Inspired by Audre Lorde LS’60’s life and legacy, the space will establish a home for identity-conscious community building. This marks the first time in which a space on the University’s Morningside Heights campus has been named after a Black woman.
“Audre Lorde was foundational in articulating intersections of race, class and gender, and spent her life confronting and addressing injustices in these realms. Her work continues to resonate, inspire and challenge us to work as a collective towards racial and social justice,” said Cristen Scully Kromm, dean of Undergraduate Student Life. “We are thrilled her family was supportive of our ask to honor her legacy by naming this community space, and hope that her legacy will inspire our students and all those who enter the new Audre Lorde Community Space.”
Lorde — a graduate of Columbia’s School of Library Science (which closed in 1992) — was a self-described “black, lesbian, mother, warrior, poet.” Born in New York City to West Indian immigrant parents, Lorde found poetry early and had her first poem published in Seventeen magazine while a student at Hunter College High School. Throughout the 1960s she was a librarian in New York City public schools, and went on to be a professor of English at John Jay College and Hunter College as well as poet laureate of New York State (1991–92).*
According to Poetry Foundation, “her work was central to many liberation movements and activist circles, including second-wave feminism, civil rights and Black cultural movements, and struggles for GLBQT equality. In particular, Lorde’s poetry is known for the power of its call for social and racial justice, as well as its depictions of queer experience and sexuality.”
Multicultural Affairs, which celebrates its 15th anniversary this year, chose to name its space in Lorde’s honor after sourcing inspirational figures from students. While many names were suggested, the conversations kept returning to Audre Lorde. “In all of the different iterations, it just kept coming back to Audre Lorde,” said Melinda Aquino, dean of Multicultural Affairs. “So it became a clear choice from almost the get-go.”
Along with the main space’s name, two adjoining conference rooms will also be renamed — one as the Community Room and the other as the Liberation Room — in honor of the ways in which Lorde has inspired Columbia’s community.
“What we hope is not only just to center Audre Lorde and the spirit of her work of intersectionality in what we do with students and how we work with our University partners in supporting students,” said Aquino, “but that it also serves as a reminder that, in thinking about both smaller communities and the larger community, we need to have intentional spaces to think about where it has been difficult to come together — particularly around identity. The hope is that we will really be able to think both institutionally and personally: what is our obligation in order for each one of us to be able to find liberation?”

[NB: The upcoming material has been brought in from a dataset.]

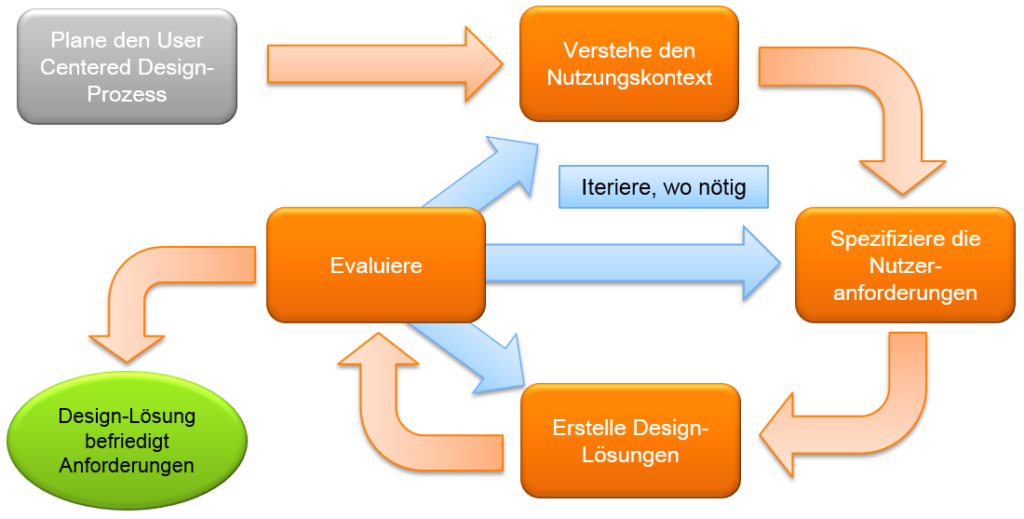 User Centered Design Schritte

The ceremony to honor the space’s naming will take place in 555 Lerner, with an introduction to Lorde’s work by students from P.S. 163 as well as speeches by Lorde’s daughter, Dr. Elizabeth Lorde-Rollins PS’93; by Mignon Moore CC’92, professor of sociology and chair of the department at Barnard College; and by current Columbia students. The ceremony will conclude with a plaque unveiling. Attendees will be invited to a reception in the Audre Lorde Community Space immediately after the ceremony. This ceremony will also kick off Audre Lorde Week, a series of events for College and Engineering students that honor Lorde’s legacy.